Contamination characteristics and airflow regulated transport of microbial aerosols in a hospital respiratory ward

Airborne transmission of microbial aerosols in hospital environments has been increasingly recognized as an important factor in healthcare-associated infections. However, their distribution and transmission mechanisms in hospital wards remain unclear. To address this gap, this study investigated a respiratory ward in a hospital in Beijing. An integrated approach combining air impactor sampling, high-throughput sequencing, and computational fluid dynamics modeling was employed to systematically examine microbial concentrations, particle size distributions, community composition, and dispersion behavior under indoor airflow conditions. The results showed that corridors functioned as hotspots for microbial aerosol contamination. More than 50% of culturable particles were smaller than 3.3 μm, indicating the potential for penetration into the alveolar region and subsequent inhalation exposure.
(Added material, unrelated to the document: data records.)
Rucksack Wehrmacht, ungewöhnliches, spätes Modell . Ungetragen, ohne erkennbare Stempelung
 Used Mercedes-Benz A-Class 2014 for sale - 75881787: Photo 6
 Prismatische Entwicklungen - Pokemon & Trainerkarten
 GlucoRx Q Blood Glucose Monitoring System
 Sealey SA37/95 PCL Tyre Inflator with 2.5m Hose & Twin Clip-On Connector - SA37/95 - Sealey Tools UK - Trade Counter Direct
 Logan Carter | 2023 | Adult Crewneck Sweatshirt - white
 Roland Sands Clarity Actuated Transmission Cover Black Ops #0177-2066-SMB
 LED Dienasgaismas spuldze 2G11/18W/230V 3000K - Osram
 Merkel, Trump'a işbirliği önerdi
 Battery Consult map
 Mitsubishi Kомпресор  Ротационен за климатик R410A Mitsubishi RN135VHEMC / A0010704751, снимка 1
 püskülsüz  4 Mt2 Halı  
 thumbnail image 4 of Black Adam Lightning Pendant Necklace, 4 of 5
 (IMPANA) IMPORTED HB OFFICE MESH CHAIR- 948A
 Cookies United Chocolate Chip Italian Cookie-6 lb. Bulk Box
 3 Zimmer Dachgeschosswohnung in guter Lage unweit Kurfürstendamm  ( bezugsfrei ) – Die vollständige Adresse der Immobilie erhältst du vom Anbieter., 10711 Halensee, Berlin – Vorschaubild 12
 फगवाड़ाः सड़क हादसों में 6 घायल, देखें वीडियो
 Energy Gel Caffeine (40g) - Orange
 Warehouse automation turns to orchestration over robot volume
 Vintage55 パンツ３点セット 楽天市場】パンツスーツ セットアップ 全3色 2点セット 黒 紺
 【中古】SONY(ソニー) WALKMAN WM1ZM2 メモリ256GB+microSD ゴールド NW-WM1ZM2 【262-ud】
Distinct differences were observed between airborne and surface associated microbial communities. Air samples were predominantly characterized by Staphylococcus and Aspergillus, including genera with potential pathogenic relevance, and exhibited concentrated high relative abundance patterns. Numerical simulations further demonstrated that airflow organization critically governs the transport and deposition of aerosols. A health risk assessment based on infection probability revealed that the infection risk exceeds 80% in high‑risk zones, such as the area between the patient bed and the washbasin. Both bacterial and fungal communities displayed pronounced spatial heterogeneity, closely associated with airflow pathways. By integrating field measurements with numerical simulations, this study not only characterizes spatial distributions but also elucidates airflow-driven transport pathways, thereby advancing the mechanistic understanding of microbial aerosol transmission and providing a scientific basis and practical insights for ventilation optimization and infection control.